動力協会シンポ、WNAリーシング氏が川内1号再稼働を歓迎

2015年9月18日

 日本動力協会は9月17日、「世界および日本におけるエネルギー選択と原子力の役割」と題するシンポジウムを東京・大手町の経団連会館で開催し、世界原子力協会(WNA)事務局長のアニエッタ・リーシング氏、日立GEニュークリア・エナジー社長の武原秀俊氏、東京大学生産技術研究所特任教授の金子祥三氏、地球環境産業技術研究機構理事の山地憲治氏によるパネルディスカッションを行い、福島第一原子力発電所事故後の新たなエネルギー基本計画、アジア諸国における原子力導入の動き、地球温暖化問題など、国内外のエネルギーを巡る状況を概観し、今後のエネルギー選択、原子力産業のあり方について話し合った(=写真)。JEASYMPO
 リーシング氏はまず、先般の川内原子力発電所1号機の営業運転復帰に歓迎の意を述べ、今後も原子力発電所の再稼働が進むことを期待した。同氏は、世界人口の急増とともに電力消費も伸び続ける将来予測をグラフで示しながら、「電力は空気、水と同じく基本的人権」と強調、さらに、IEAレポートを引用し、化石エネルギー消費増に伴う地球温暖化問題の深刻化について、2050年に向け「2度C目標」(工業化前からの世界平均気温を2度Cまでに抑える)を達成するには、「原子力発電量を2倍以上にしなければならない」と述べた。
 また、武原氏は日本の原子力技術について、日立がグループ大で取り組んでいる福島第一原子力発電所の廃炉・汚染水対策に関する技術開発、既設プラントの早期再稼働に向けた安全性向上の取組、次世代炉開発、国際展開などを紹介した。廃炉関連では、同社が開発に関わった遠隔操作ロボットがロボット学会賞を受賞したことも披露した。
 日本のエネルギー産業、エネルギーミックス・排出量削減目標については、金子氏、山地氏がそれぞれ政府審議会の検討状況などを説明した。

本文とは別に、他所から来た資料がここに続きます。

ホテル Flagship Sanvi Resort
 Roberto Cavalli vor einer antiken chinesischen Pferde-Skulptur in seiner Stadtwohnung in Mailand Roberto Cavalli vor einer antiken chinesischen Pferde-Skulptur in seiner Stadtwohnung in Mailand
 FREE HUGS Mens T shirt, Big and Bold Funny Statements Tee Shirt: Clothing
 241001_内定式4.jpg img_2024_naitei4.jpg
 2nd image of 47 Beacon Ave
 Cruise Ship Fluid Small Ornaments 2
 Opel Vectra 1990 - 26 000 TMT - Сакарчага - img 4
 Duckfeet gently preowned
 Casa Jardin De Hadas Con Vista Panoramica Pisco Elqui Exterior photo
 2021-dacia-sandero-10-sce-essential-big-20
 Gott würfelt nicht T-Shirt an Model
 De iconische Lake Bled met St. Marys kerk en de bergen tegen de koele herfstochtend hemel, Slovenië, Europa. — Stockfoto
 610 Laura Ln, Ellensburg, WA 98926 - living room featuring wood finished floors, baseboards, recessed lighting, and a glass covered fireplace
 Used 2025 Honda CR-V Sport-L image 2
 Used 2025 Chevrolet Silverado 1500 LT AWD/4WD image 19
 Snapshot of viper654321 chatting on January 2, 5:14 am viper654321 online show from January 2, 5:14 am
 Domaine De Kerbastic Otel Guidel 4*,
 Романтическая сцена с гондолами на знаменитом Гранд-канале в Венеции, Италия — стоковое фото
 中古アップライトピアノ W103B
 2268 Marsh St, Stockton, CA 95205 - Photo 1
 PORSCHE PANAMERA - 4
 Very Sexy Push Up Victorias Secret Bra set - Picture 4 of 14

会場参加者からの質問を募り行われたディスカッションでは、40年運転制、高レベル放射性廃棄物処分、パブリックアクセプタンスなどが議論となった。原子力発電所の運転期間について、リーシング氏は80年間の運転も世界では検討されていることに触れたが、山地氏は単に運転年数だけで定める日本の規制に疑問を呈し、武原氏は海外とパートナーシップを図る上で、各国の法規制に従うのがルールだと述べた。国内で高レベル放射性廃棄物処分が進まぬ状況について、リーシング氏はスウェーデンの取組を例に、わかりやすい情報提供、女性や若者を巻き込んだ理解活動を図っていく必要を主張した。